U.S.-Russian Crew Lifts Off for Yearlong Space Station Mission
Source: NBC NEWS
By Alan Boyle
Three spacefliers lifted off in a Russian Soyuz capsule on Friday, heading to the International Space Station for an orbital stay that will set two records.
Launch from Russia's Baikonur Cosmodrome in Kazakhstan came at 3:42 p.m. ET (1:42 a.m. local time Saturday), with live video coverage from NASA. The Soyuz is scheduled to dock with the station less than six hours after launch, at 9:36 p.m. ET.

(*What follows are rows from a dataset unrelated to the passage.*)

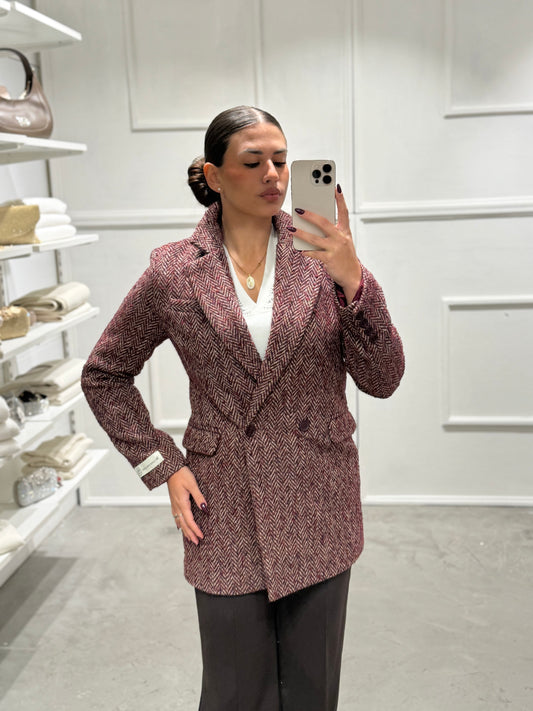 Mirj2432-capispalla-mironcè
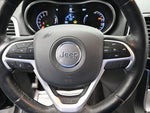 2019 Grand Cherokee Thumbnail 16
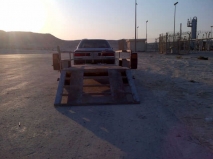 للبيع دراجات نارية Yamaha 2006 item thumb 8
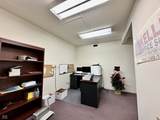 159 Main Street - Photo 21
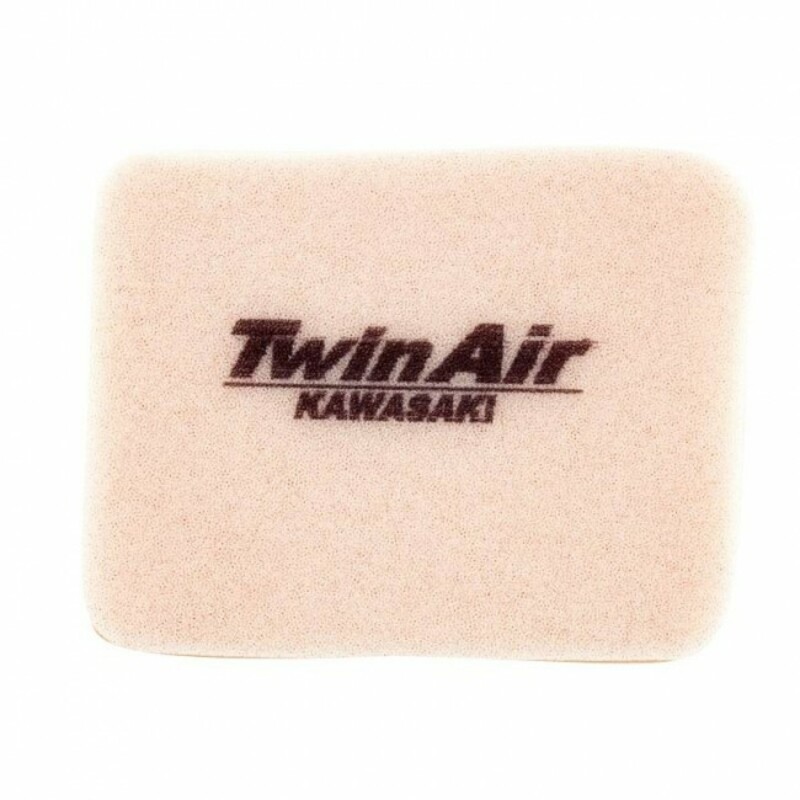 Filtro de aire TWIN AIR - 151600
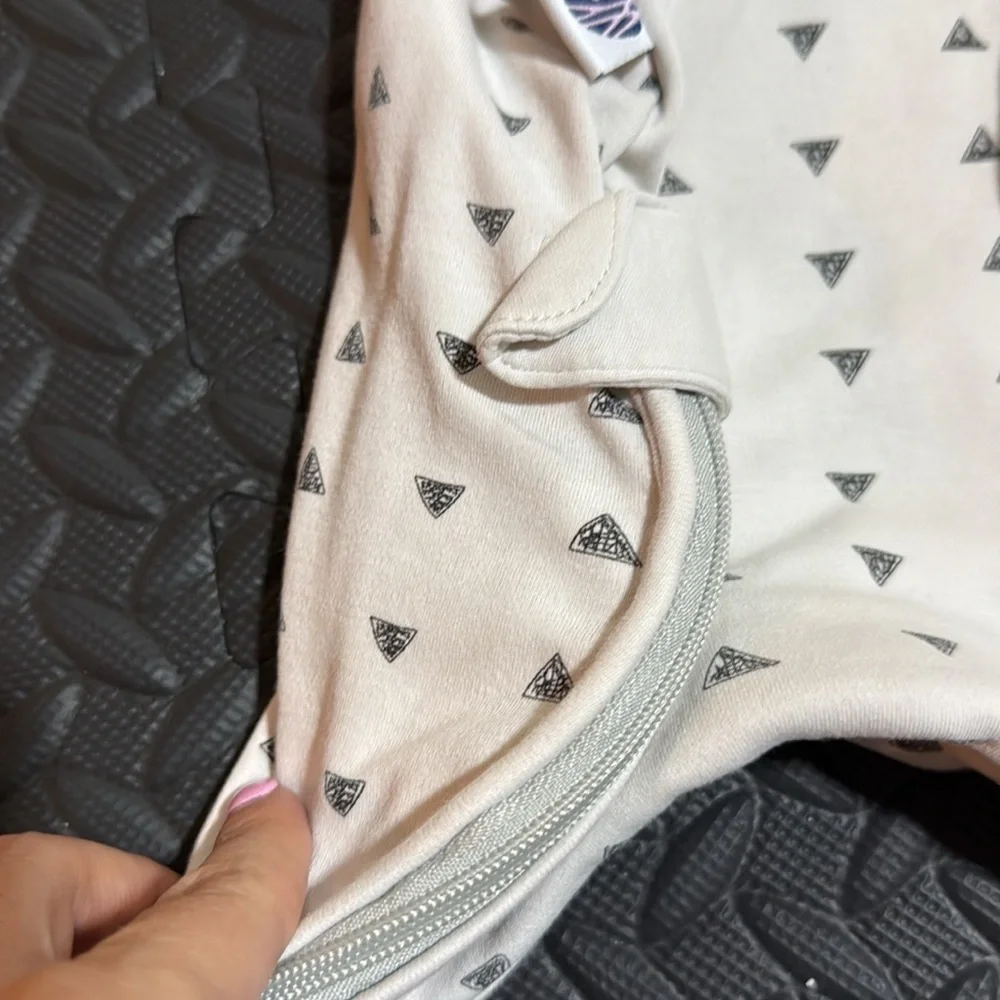 Nested Bean nested bean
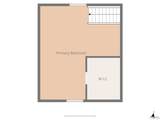16 Pulaski Street - Photo 40
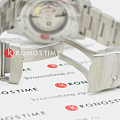 Часы Swiss Military by Chrono Diver SMA34075.01 фото 10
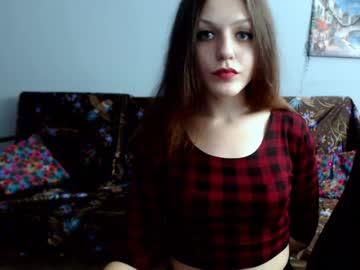 wendy_snow chaturbate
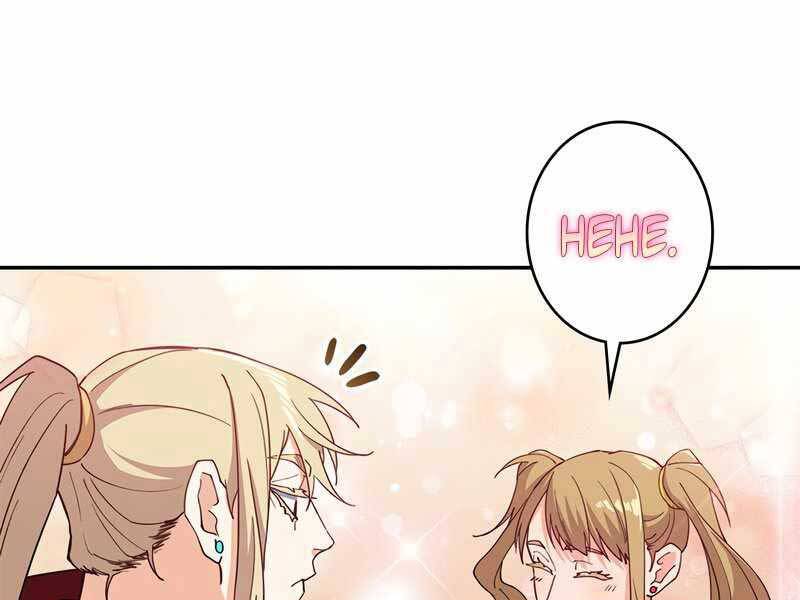 Công Tước Bạch Long Chap 42 - Next Chap 43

NASA astronaut Scott Kelly and Russian cosmonaut Mikhail Kornienko will spend almost a year in orbit, which in Kelly's case will best the U.S. record for longest-duration spaceflight by more than 100 days. The men will undergo intense medical monitoring for studies aimed at determining how ultra-long-term spaceflight affects the human body.
Russian cosmonauts have been in space continuously for as long as 437 days, so Kelly and Kornienko won't set a world record. But the third Soyuz crew member, Russian cosmonaut Gennady Padalka, has his own record to set. If he stays in orbit until his scheduled return in October, he'll chalk up an unprecedented cumulative total of nearly 900 days in space.